1月2日(水)
朝、受験勉強の娘を残し、春日部の実家に行き、そこから東武伊勢崎線に乗って両親とともに浅草寺へ初詣。
40年来続いている杉江家の年始行事であるけれど、小学校高学年からつい数年前まで嫌で嫌でしょうがない行事でもあった。初詣も両親と過ごすことも面倒で、退屈で、鬱陶しいだけだった。

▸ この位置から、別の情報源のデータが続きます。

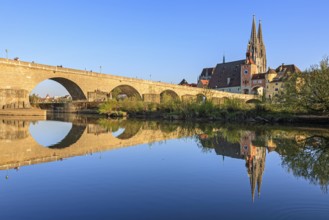 Church and bridge reflected in river, evening light, sunny, idyllic, Regensburg Cathedral and stone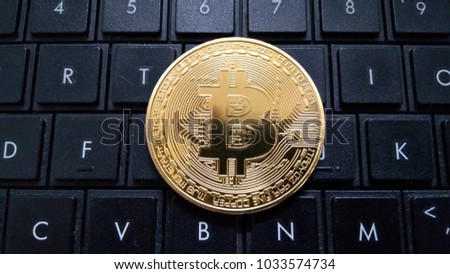 Bitcoin on black keyboard


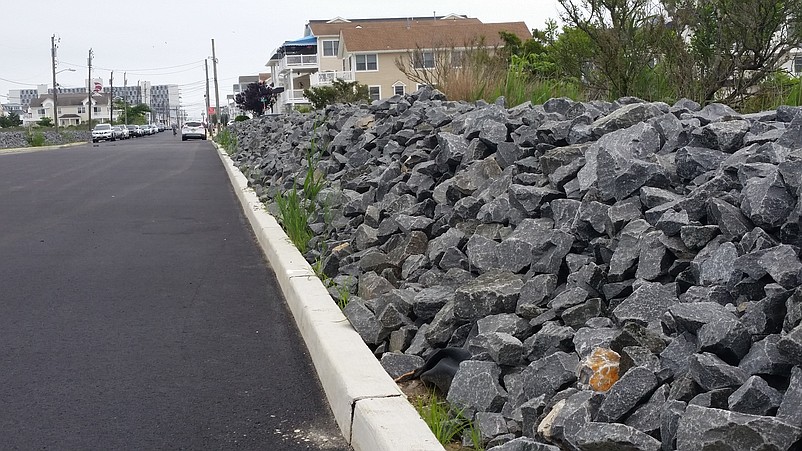 More rock walls, like this 4-foot-high barrier lining 38th Street near the bay, should be built in Sea Isle to block stormwater, the flooding study recommends.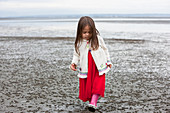 Girl in dress walking on beach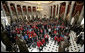 President George W. Bush and Speaker of the House of Representatives Nancy Pelosi stand amidst 300 Tuskegee Airmen during a photo opportunity Thursday, March 29, 2007, in Statuary Hall at the U.S. Capitol. White House photo by Joyce Boghosian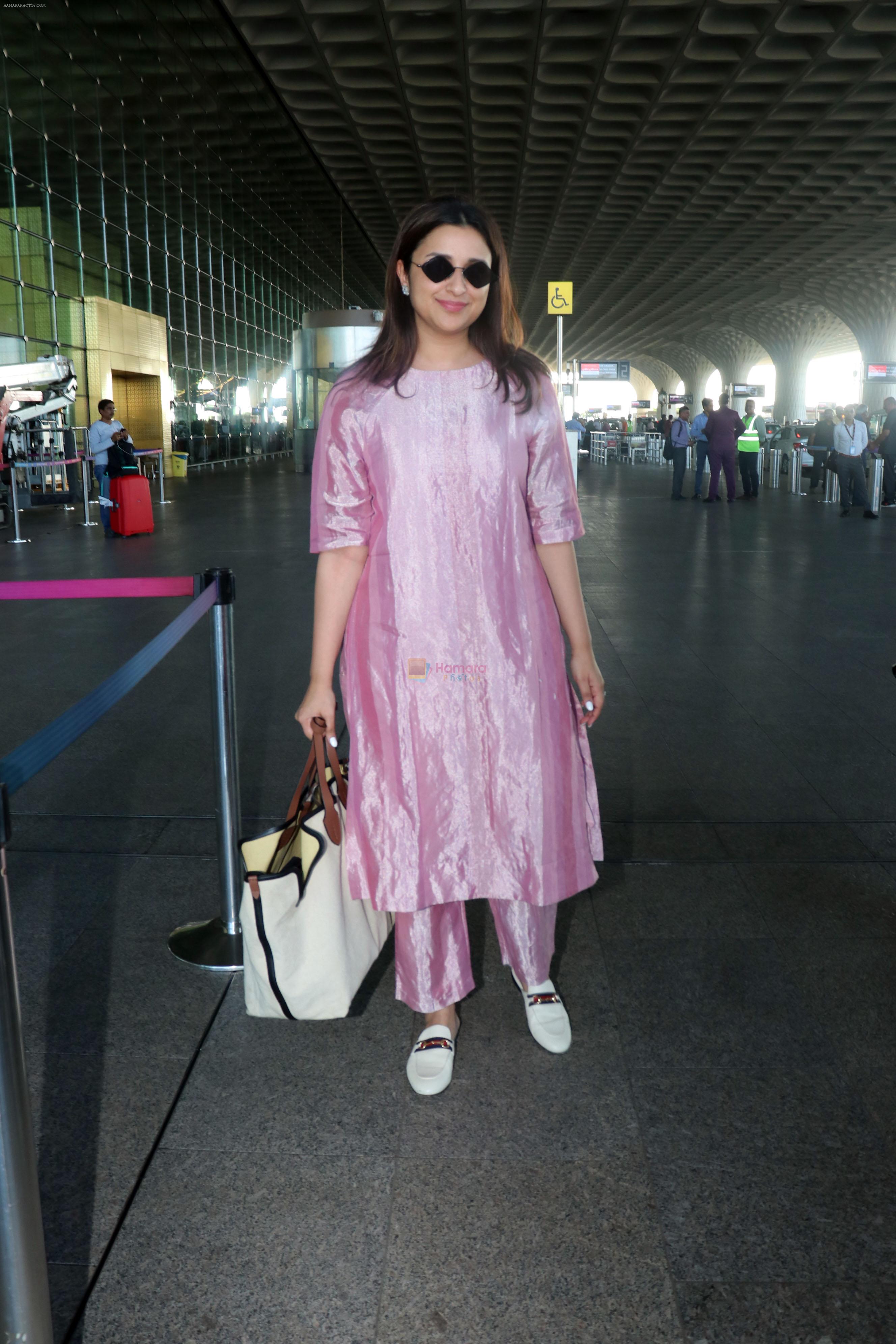 Parineeti Chopra wearing a bright pink dress white shoes sunglasses Burberry Horseferry Print Canvas leather handbag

それがどうしたことか今では一年で最も愛おしい日となり、心待ちにしている。青空の下、仲見世商店街の行列に並んでお詣りし、凶ばかりのおみくじを引いて、セキネで肉まんとシュウマイを買う。やげん堀で一味を、舟和で芋羊羹を手にし、つるやで鰻重を父親からご馳走になり、雷おこしを買って帰る。
毎年毎年まったく同じことをしており、それもまた以前は苦々しいことだったのに今は心底うれしい。変化しないことを忌み嫌っていた若い頃と変化なきことに安心を感じる年齢になったということなのだろうか。
あと数年で傘寿となる母親が、鰻が苦手なので天ぷら定食を食べながら耳が遠くなりつつある父親の耳に口を寄せ、声をかける。
「お父さん、幸せだね。家族で浅草にお詣り来て、美味しいもの食べられて。あと何年来られるかね」
その母親はお賽銭を投げた後、なかなかお寺から出てこないと思ったら、行列に並んで我が娘のために合格守を買ってくれていた。